I watched both my boys grow and experience life. I was — and am still — proud of their academics, sports participation and social skills. Their standards in school might have been a little difficult for them at times because their school was where I earned my living. I taught for 33 years in secondary education and expected their studies and conduct toward teachers and coaches to be more than average at all times; a little pressure, I’m sure, but it was in MY manual.
As my children continued in their formal education they found their soul mates; beautiful young ladies who shared their values, their hopes and their dreams together. The marriages of my sons held such special anticipation. Grandchildren…new boys, new girls, more family, we could hardly wait. My wife and I have been blessed with grandchildren who get older and wiser each year and we are parents of parents. Life is good.
There are times in which I am jealous and it doesn’t speak well of my character, but I strongly feel that if we never feel jealousy we can never experience love. Nevertheless, I am jealous of the relationship my son and his wife (C.J.’s Mom and Dad) have with their children. They are better parents than I ever was, way better. They guide and allow, a concept that I never invoked. Mine was control and approve. The love and respect and the fun that their children have for them gives me pause. Is there some way I can go back?

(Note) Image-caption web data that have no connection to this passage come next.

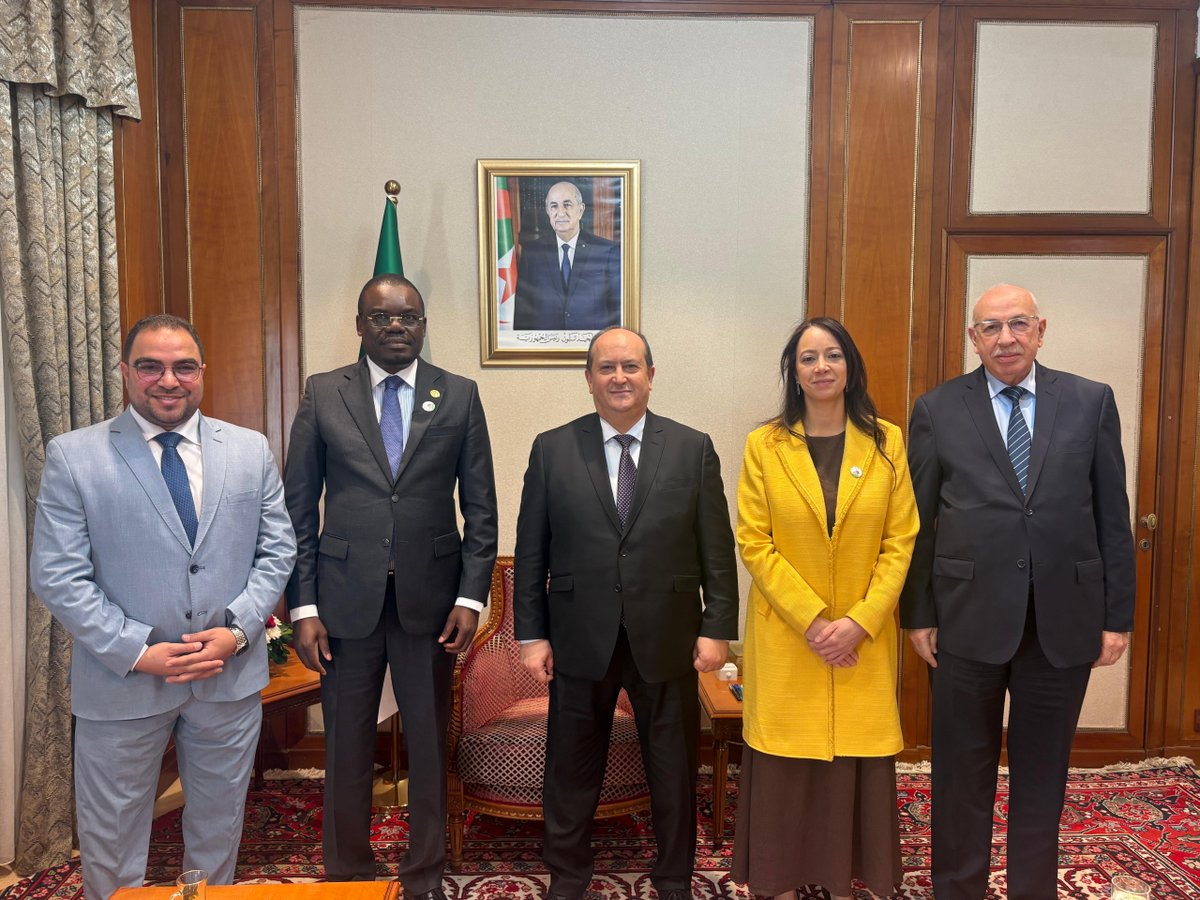 Dr_JeanKaseya's tweet image. Honoured to meet H.E. Sifi Ghrieb, Prime Minister of #Algeria, on the margins of the African Ministerial Conference on Local Production of Medicines and Health Technologies in Algiers.

Algeria’s commitment to expanding local pharmaceutical production and strengthening access to…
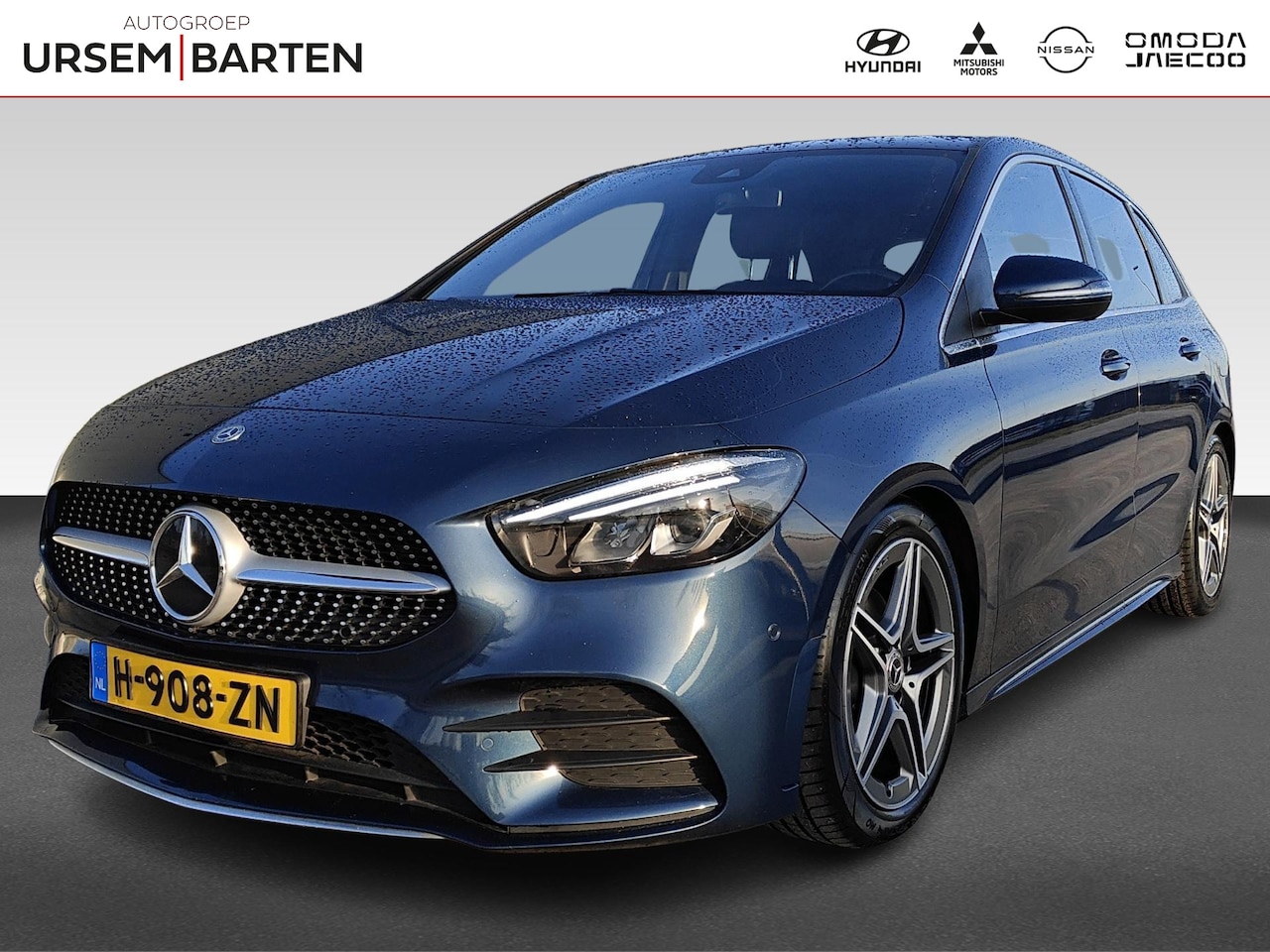 Mercedes-Benz B-klasse - 180 Business Solution AMG | AMG Styling | Sfeerverlichting | Voorstoelen verwarmd - AutoWereld.nl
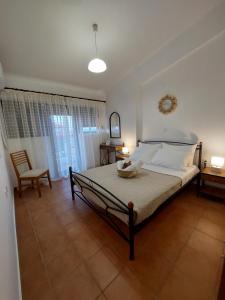 een slaapkamer met een bed met een kom erop bij El Verde Apartments in Skala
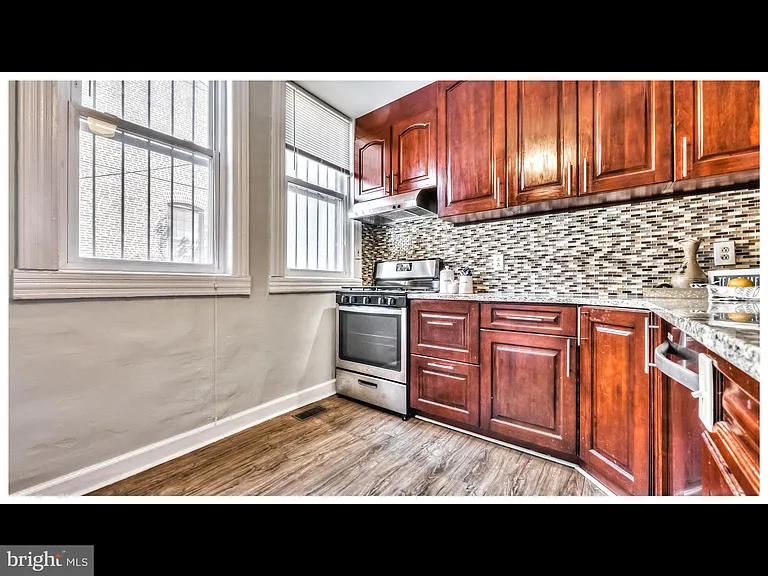 1209 S Ellwood Ave — Photo 15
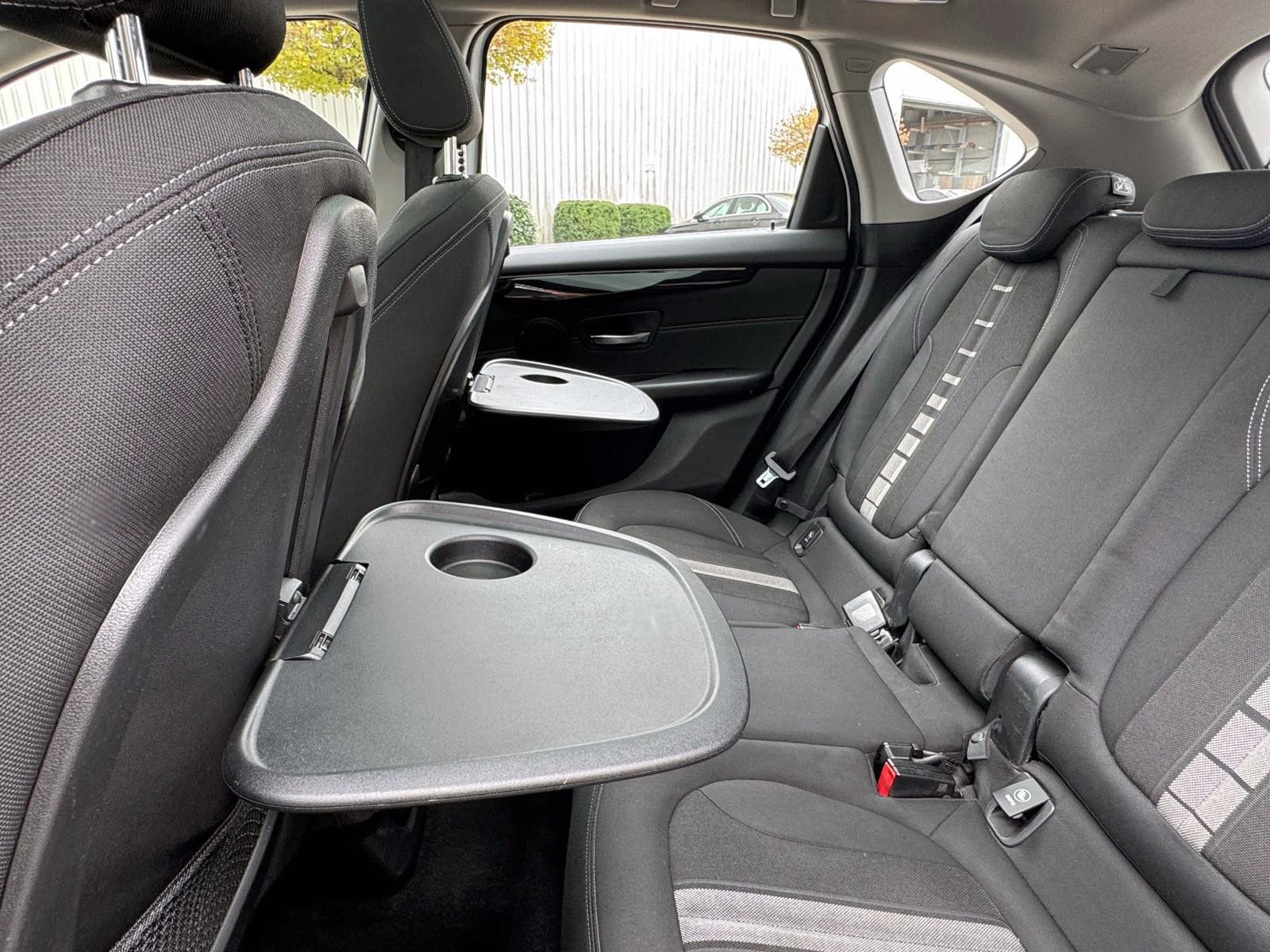 Fahrzeugabbildung BMW 218i Active Tourer Aut. Sport-Line LED KAM PANO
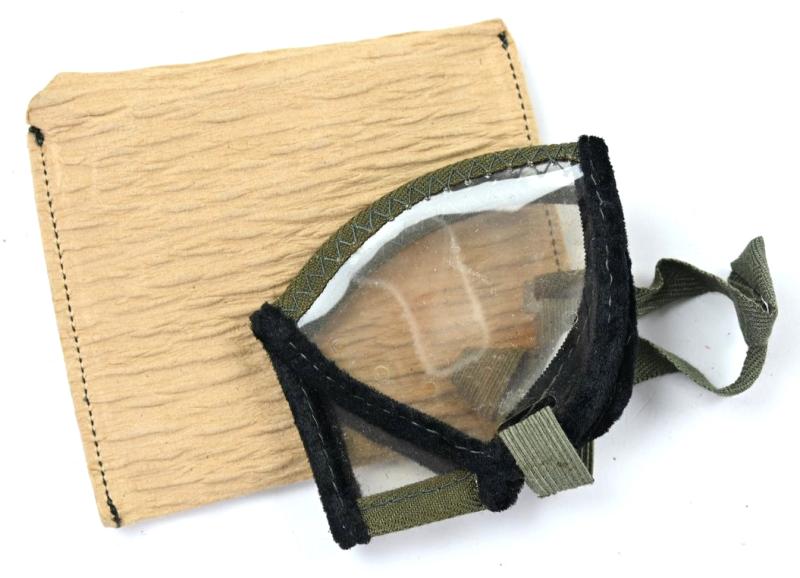 German WH Dust Goggles in Pouch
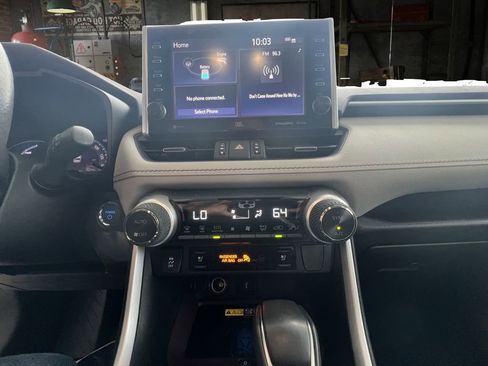 Used 2022 Toyota RAV4 Limited image 23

In my experience as a teacher and managing a class I tried to be aware of behaviors and be willing to correct inappropriate actions from some students directed toward others. I hate bullies. Long before I became 6’ 4” and 240 pounds I was bullied by individuals in grade school and couldn’t get away from them. No complaint to a teacher brought me relief, it is still with me today at age 65… this time, I’m glad I can’t go back, I would be afraid of my actions.
In my classroom my method was simple. When “jocks” or the socially “cool” or the wannabe “thugs” started to get the upper hand on some individual that targeted individual was sent to a counselor who, by prearrangement, kept him/her in the office for ten minutes “just checking their schedule” while I talked to my class and reminded them of life’s little disappointments. Their future child might not look right, maybe not talk or walk right, or just not fit in.
“Worse still, your future child could be on the playground or in the classroom with bullies like YOU! How dare you!” I’d say to my class. In the past, leaders and followers have come to me and apologized for their behavior and have brought the victim into their circle.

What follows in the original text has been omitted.